#### [TASK PROMPT]
Excluding pictures, give the entries again exactly as they appear.

[[ ENTRIES PROVIDED open ]]

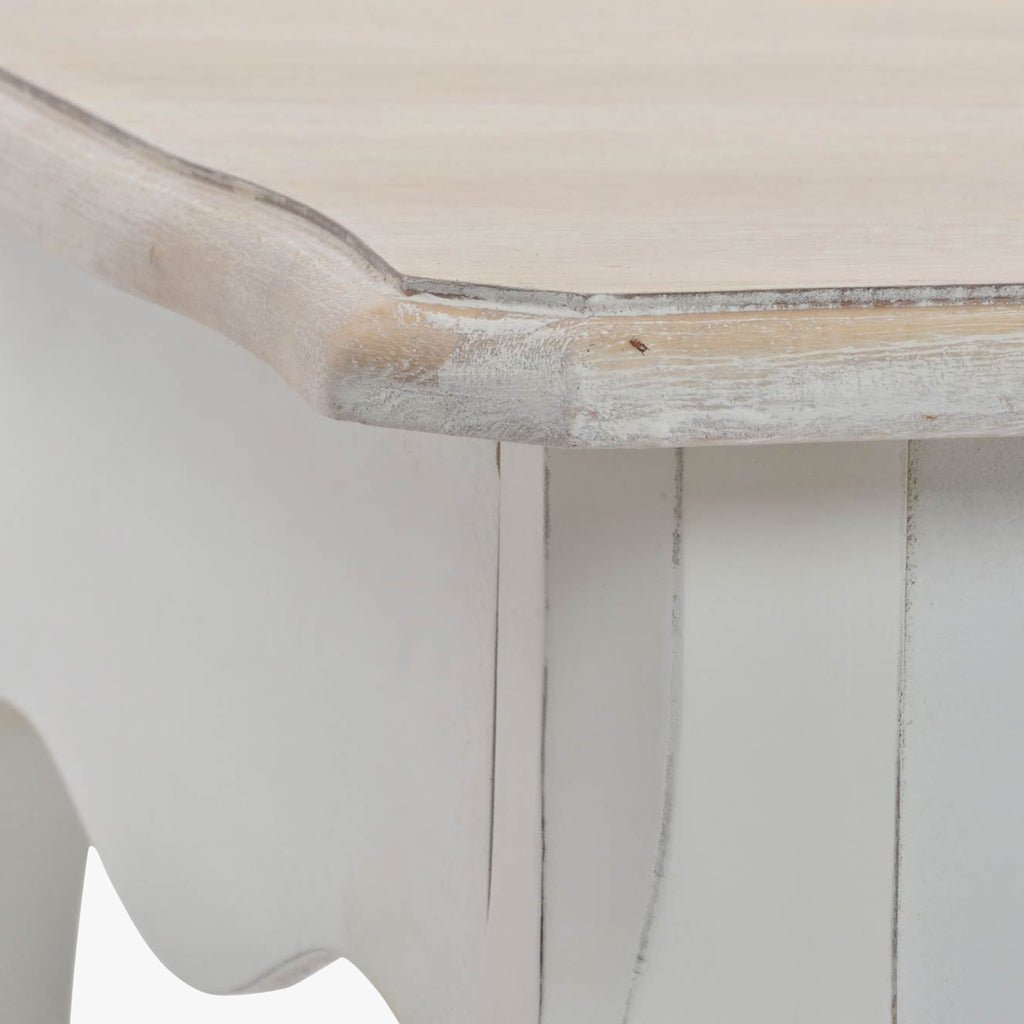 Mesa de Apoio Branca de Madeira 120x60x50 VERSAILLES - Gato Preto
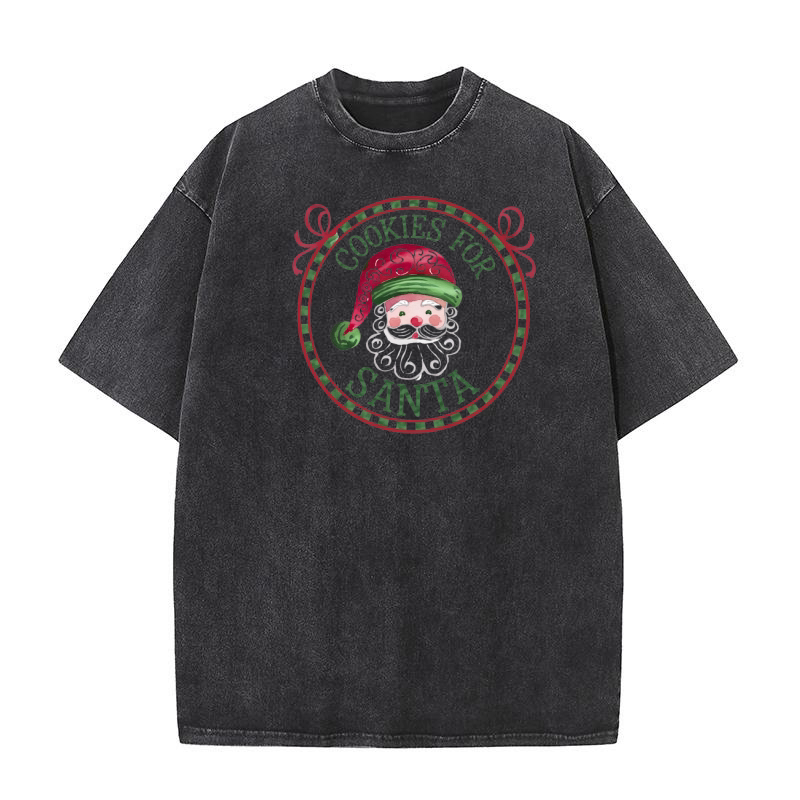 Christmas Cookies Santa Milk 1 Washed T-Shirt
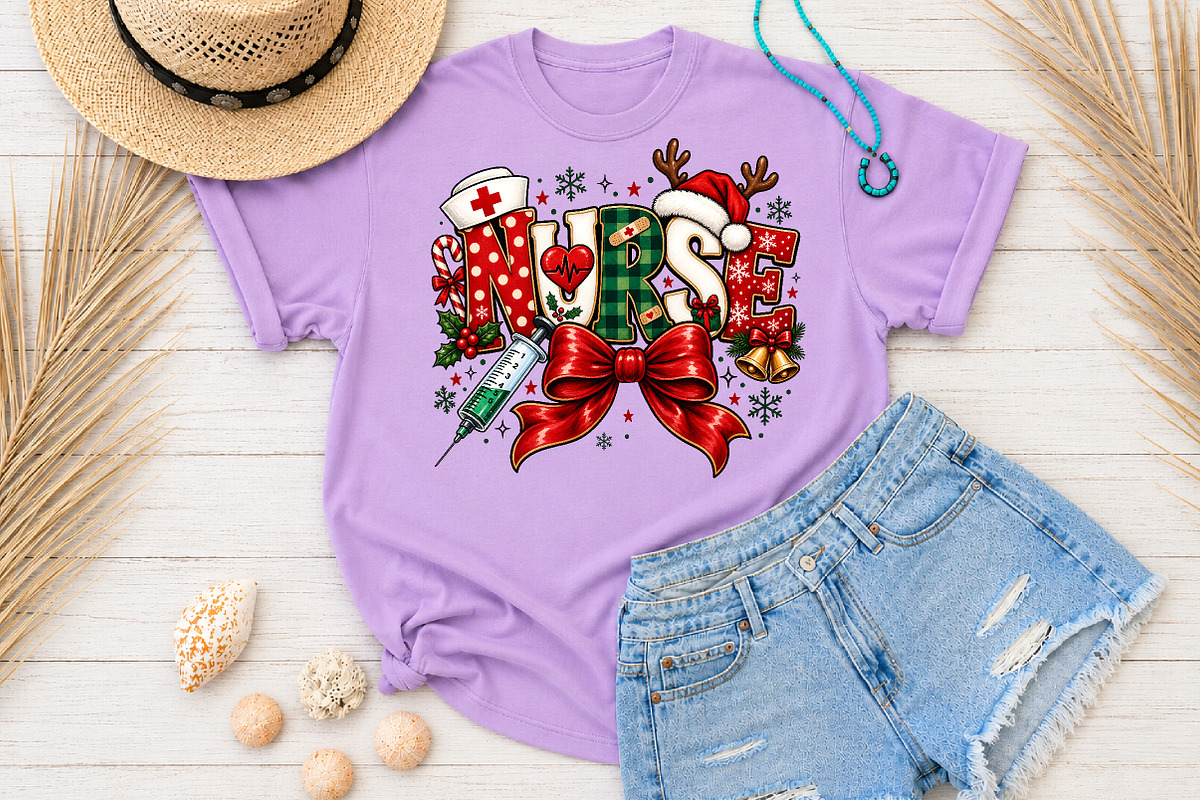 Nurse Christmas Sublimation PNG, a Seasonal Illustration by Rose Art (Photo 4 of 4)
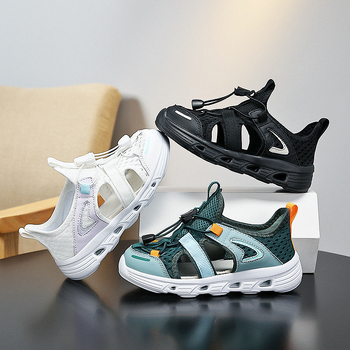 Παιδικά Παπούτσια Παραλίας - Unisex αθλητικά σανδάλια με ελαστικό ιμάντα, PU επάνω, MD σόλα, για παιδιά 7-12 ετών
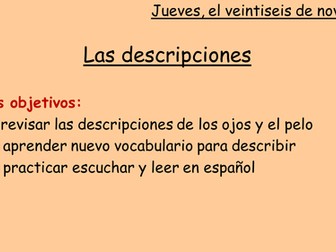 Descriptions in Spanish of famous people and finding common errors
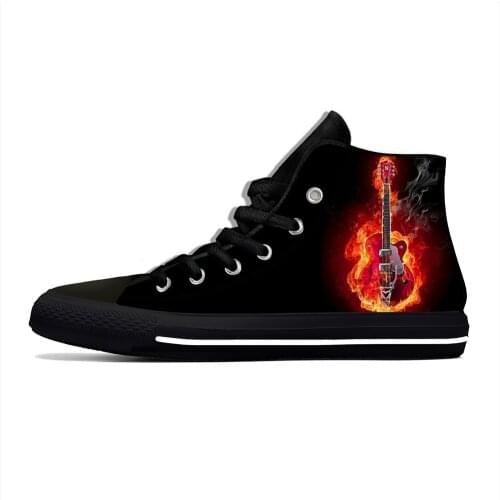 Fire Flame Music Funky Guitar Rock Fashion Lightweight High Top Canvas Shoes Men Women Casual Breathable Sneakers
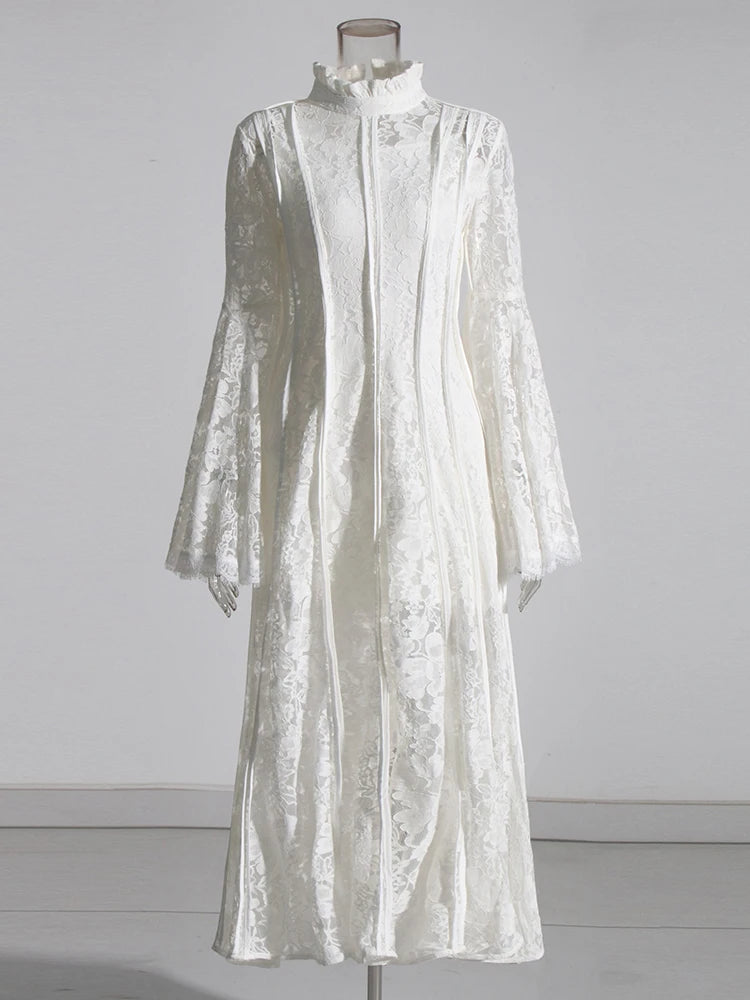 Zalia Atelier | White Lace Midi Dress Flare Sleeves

[[ ENTRIES PROVIDED closed ]]

#### [SOLUTION TO THIS EXERCISE]
 Mesa de Apoio Branca de Madeira 120x60x50 VERSAILLES - Gato Preto
 Christmas Cookies Santa Milk 1 Washed T-Shirt
 Nurse Christmas Sublimation PNG, a Seasonal Illustration by Rose Art (Photo 4 of 4)
 Παιδικά Παπούτσια Παραλίας - Unisex αθλητικά σανδάλια με ελαστικό ιμάντα, PU επάνω, MD σόλα, για παιδιά 7-12 ετών
 Descriptions in Spanish of famous people and finding common errors
 Fire Flame Music Funky Guitar Rock Fashion Lightweight High Top Canvas Shoes Men Women Casual Breathable Sneakers
 Zalia Atelier | White Lace Midi Dress Flare Sleeves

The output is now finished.